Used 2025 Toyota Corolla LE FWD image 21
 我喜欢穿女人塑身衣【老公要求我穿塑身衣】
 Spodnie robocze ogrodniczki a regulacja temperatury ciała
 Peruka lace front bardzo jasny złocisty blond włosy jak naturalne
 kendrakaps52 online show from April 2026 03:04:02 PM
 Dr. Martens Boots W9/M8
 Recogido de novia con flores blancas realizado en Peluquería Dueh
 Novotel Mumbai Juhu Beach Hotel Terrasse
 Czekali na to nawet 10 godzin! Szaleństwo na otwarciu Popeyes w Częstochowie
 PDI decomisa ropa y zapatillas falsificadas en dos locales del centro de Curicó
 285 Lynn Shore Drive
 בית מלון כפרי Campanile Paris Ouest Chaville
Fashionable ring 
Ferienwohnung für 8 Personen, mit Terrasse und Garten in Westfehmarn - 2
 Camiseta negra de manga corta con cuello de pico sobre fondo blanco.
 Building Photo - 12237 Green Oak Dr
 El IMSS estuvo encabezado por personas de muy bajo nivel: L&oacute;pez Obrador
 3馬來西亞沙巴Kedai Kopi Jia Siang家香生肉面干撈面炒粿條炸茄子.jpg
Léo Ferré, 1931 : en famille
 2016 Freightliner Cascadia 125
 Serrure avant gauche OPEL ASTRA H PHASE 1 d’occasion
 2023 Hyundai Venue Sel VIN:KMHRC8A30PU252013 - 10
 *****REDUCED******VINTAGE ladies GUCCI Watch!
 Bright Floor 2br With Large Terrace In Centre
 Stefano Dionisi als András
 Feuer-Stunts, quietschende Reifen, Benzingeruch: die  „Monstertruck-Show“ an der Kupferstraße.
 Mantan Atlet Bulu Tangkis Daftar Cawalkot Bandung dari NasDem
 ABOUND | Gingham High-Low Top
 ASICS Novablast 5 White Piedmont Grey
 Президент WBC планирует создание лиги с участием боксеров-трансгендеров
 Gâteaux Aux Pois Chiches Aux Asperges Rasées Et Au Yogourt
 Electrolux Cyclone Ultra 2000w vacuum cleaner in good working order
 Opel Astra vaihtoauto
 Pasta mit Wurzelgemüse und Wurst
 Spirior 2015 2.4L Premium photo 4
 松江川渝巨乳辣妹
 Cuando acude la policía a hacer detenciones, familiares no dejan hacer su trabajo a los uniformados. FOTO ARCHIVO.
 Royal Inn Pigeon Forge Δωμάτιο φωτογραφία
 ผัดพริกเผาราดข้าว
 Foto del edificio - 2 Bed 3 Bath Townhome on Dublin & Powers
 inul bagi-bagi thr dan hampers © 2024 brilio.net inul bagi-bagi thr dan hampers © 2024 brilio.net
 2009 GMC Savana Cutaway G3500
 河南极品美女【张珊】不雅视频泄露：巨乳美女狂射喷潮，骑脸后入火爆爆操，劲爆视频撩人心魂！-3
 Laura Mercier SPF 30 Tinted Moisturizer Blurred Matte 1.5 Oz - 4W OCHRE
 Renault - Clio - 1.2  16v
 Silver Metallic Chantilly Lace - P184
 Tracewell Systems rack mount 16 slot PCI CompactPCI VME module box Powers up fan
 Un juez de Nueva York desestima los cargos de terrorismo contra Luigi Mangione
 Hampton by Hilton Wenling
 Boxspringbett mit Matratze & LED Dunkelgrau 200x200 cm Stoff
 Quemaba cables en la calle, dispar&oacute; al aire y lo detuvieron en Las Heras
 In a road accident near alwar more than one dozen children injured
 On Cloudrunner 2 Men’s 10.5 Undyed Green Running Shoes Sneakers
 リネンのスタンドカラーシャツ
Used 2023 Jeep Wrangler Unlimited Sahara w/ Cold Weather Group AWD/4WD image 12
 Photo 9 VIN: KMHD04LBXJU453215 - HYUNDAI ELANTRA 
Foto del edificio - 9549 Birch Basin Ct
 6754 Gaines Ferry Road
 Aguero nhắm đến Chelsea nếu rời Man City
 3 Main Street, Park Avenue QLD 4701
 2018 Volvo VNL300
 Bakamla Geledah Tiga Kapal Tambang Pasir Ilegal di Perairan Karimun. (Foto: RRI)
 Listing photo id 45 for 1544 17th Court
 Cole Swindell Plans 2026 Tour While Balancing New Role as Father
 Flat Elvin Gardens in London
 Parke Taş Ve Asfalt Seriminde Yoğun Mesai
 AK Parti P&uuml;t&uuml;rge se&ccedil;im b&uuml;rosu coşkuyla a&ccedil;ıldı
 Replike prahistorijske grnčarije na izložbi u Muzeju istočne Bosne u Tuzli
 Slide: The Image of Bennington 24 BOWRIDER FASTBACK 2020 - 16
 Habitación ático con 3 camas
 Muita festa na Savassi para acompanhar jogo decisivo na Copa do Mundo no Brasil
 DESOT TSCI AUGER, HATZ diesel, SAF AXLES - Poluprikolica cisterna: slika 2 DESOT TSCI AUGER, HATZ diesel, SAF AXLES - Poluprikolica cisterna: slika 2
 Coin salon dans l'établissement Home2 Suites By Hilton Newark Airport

• **To do**
Report each line above that includes the string "Terrasse".

• **Reply to the task**
 Novotel Mumbai Juhu Beach Hotel Terrasse
Ferienwohnung für 8 Personen, mit Terrasse und Garten in Westfehmarn - 2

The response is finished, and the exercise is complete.